Required work: Make an exact copy, without pictures, of the lines below from the one containing "Hình ảnh Mì" to the last line, both ends included.

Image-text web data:
########################################

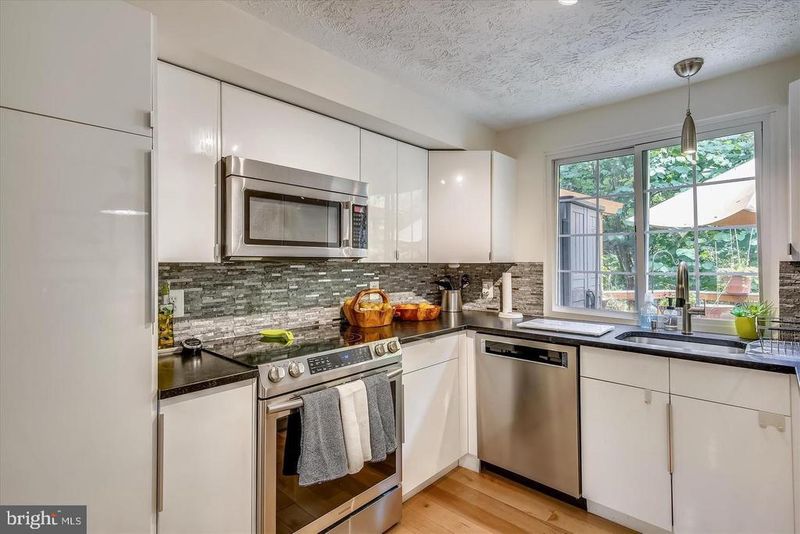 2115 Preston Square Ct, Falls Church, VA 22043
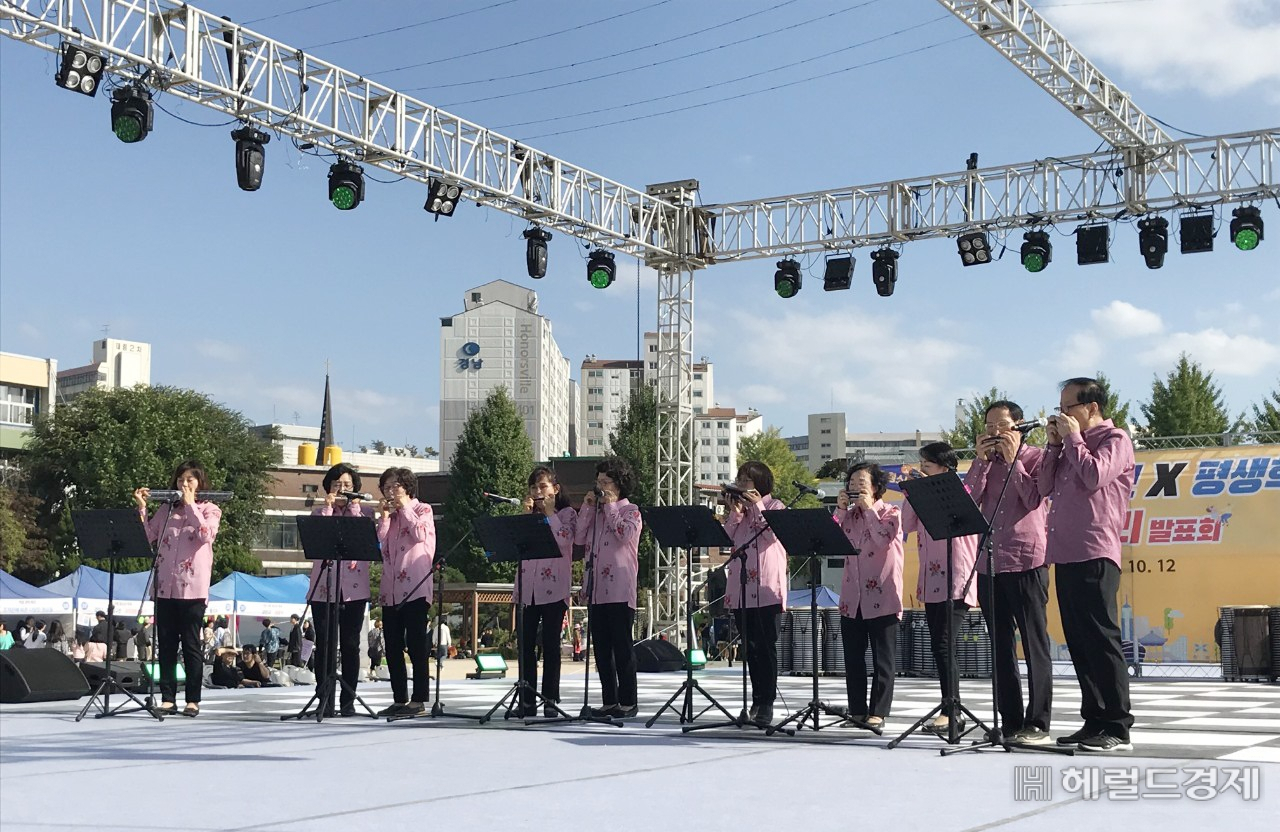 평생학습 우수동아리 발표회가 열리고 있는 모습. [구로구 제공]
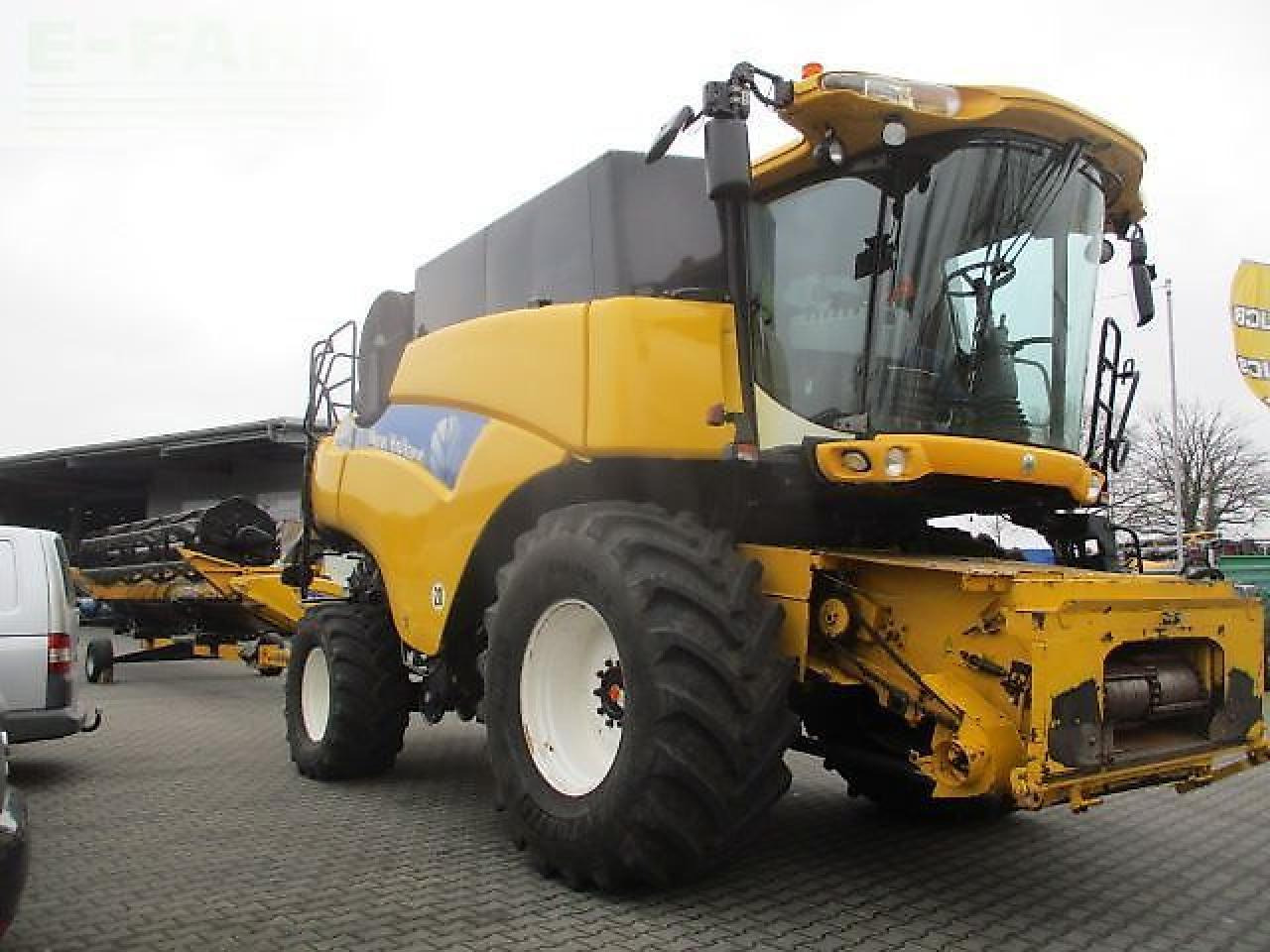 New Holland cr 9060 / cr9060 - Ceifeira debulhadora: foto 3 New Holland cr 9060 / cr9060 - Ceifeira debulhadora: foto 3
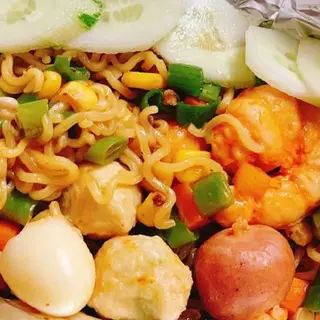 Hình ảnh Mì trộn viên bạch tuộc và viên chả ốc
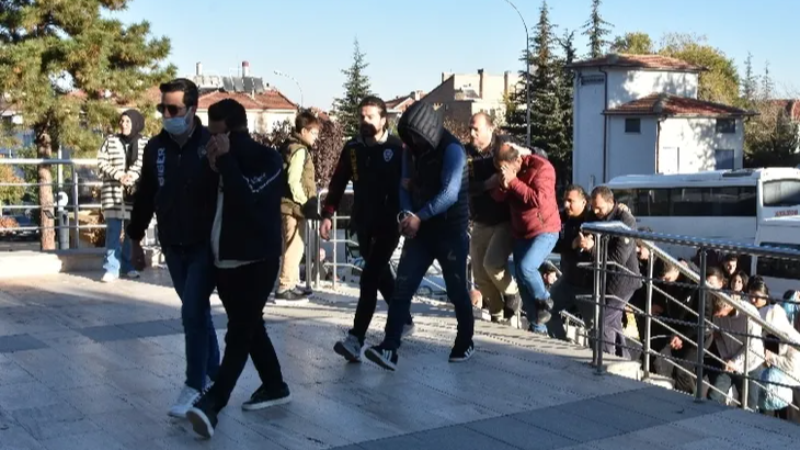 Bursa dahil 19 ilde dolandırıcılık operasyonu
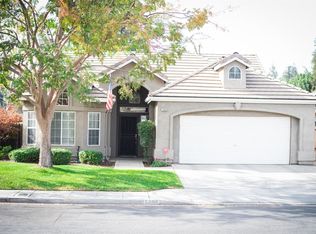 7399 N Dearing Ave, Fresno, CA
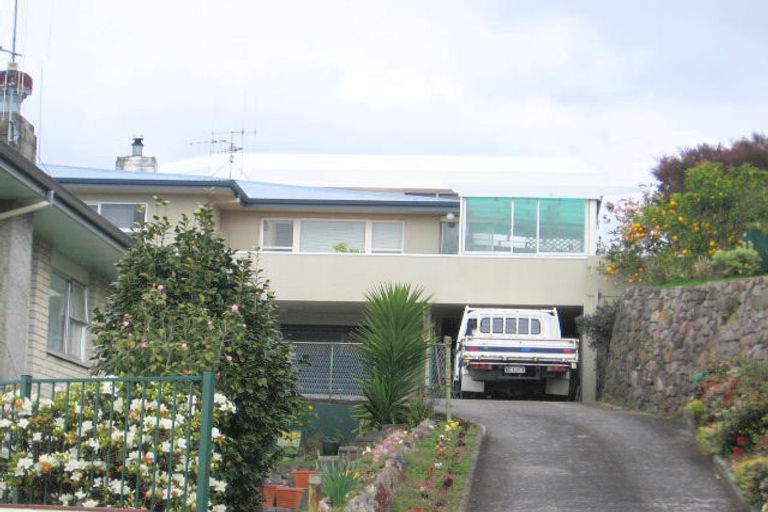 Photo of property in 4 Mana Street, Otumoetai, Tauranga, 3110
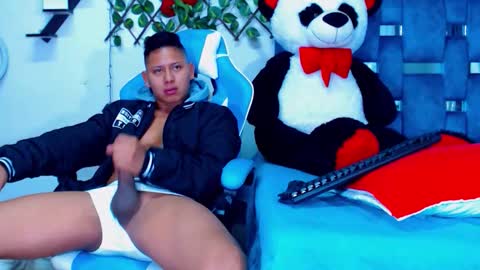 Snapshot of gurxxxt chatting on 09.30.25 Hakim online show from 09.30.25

########################################

Written answer:
 Hình ảnh Mì trộn viên bạch tuộc và viên chả ốc
 Bursa dahil 19 ilde dolandırıcılık operasyonu
 7399 N Dearing Ave, Fresno, CA
 Photo of property in 4 Mana Street, Otumoetai, Tauranga, 3110
 Snapshot of gurxxxt chatting on 09.30.25 Hakim online show from 09.30.25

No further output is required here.